«У всякого своя радость. У меня вот — когда здраво мое ведущее и не отвращается ни от кого из людей и ни от чего, что случается с людьми, а напротив, взирает на все доброжелательным взором, все приемлет и всем распоряжается по достоинству». (Там же, VIII, 43)
«Иной, если сделает кому что-нибудь путное, не замедлит указать ему, что тот отныне в долгу. Другой не так скор на это — он иначе, про себя помышляет о другом как о должнике, помня, что он ему сделал. А еще другой как-то даже и не помнит, что сделал, а подобен лозе, которая принесла свой плод и ничего не ждет сверх этого. Пробежал конь, выследила собака, изготовила пчела, а человек сделал добро — и не кричат, а переходят к другому, чтобы, подобно лозе, снова принести плод в свою пору». (Там же, V, 6)
«С мужеской, с римской твердостью помышляй всякий час, чтобы делать то, что в руках у тебя, с надеждой и ненарочитой значительностью, любовно, благородно, справедливо, доставив себе досуг от всех прочих представлений. А доставишь, если станешь делать всякое дело будто последнее в жизни, удалившись от всего случайного и не отвращаясь под влиянием страсти от решающего разума...» (Там же, II, 5)

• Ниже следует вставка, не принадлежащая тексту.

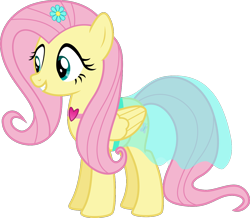 Size: 1236x1080 | Tagged: safe, artist:iknowpony, imported from derpibooru, fluttershy, pegasus, pony, .svg available, clothes, dress, female, mare, simple background, smiling, solo, transparent background, vector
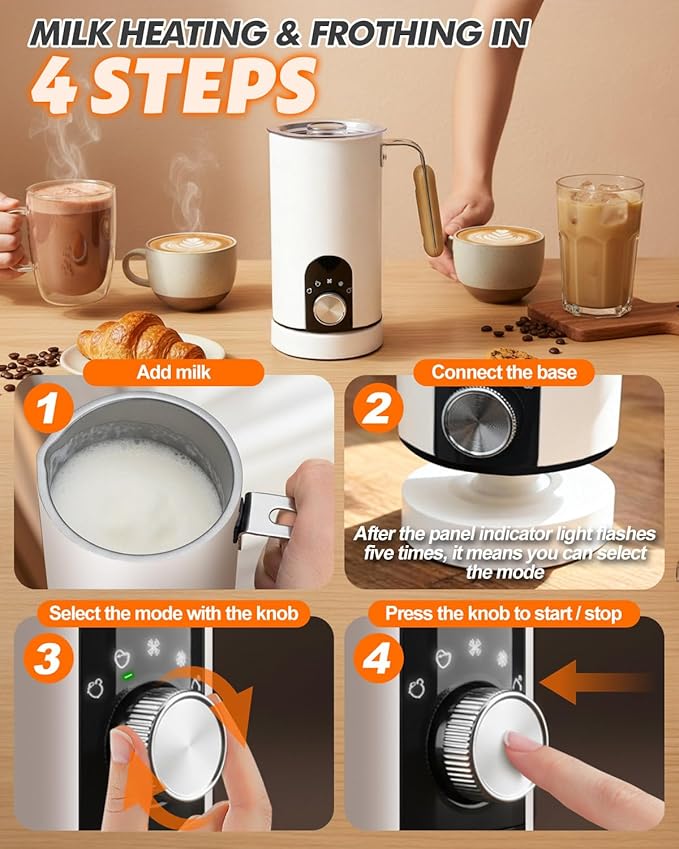 5-in-1 Electric Milk Frother and Steamer, Automatic Milk Foamer Hot Chocolate Maker with Wood Grain Handle, 11.8oz Milk Warmer and Heater for Latte, Cappuccino, Hot Cocoa Maker, Frother for Coffee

«Поутру, когда медлишь вставать, пусть под рукой будет, что просыпаюсь на человеческое дело. И еще я ворчу, когда иду делать то, ради чего рожден и зачем приведен на свет? Или таково мое устроение, чтобы я под одеялом грелся? — Так ведь сладко это. — А ты, значит, родился для того, чтобы сладко было? И ничуть не для того, чтобы трудиться и действовать?.. Не любишь ты себя, иначе любил бы и свою природу, и волю ее. Вот ведь кто любит свое ремесло — сохнут за своим делом, неумытые, недоевшие. Ты, значит, меньше почитаешь свою природу, чем чеканщик свою чеканку, плясун — пляску, серебро — сребролюбец, тщеславие — честолюбец? Ведь эти, когда они что-то там переживают, ни еду не предпочтут, ни сон — только бы им умножать то, к чему они устремлены, а для тебя общественное деяние нечто более убогое, недостойное даже таких усилий?» (Там же, V, 1)
«Две готовности надо всегда иметь. Одна: делать только то, что подлежит тебе по разуму властителя и законодателя на пользу людей. И еще: перестраиваться, если явится кто-нибудь, чтобы поправить или переубедить в каком-нибудь мнении. Только чтобы переубеждение шло от некой достоверности, будь то справедливость, или общая польза, или что-нибудь такое, а не от того, что поманила сладость или там слава.» (Там же, IV, 12)
«Кто-то станет презирать меня? Его забота. А моя забота — чтобы не случилось, что я сделал или сказал что-нибудь достойное презрения. Кто-то возненавидит? Его забота. А я, благожелательный и преданный всякому, готов и ему показать, в чем его недосмотр — без хулы, без намека на то, что вот-де терплю, а искренне и просто...» (Там же, XI, 13)
Читатель понимает, что из пятисот замечаний, даже ограничиваясь рамками этики, можно было бы отобрать намного больше интересных высказываний. Но и этого достаточно, чтобы получить представление о нравственном облике «императора-философа».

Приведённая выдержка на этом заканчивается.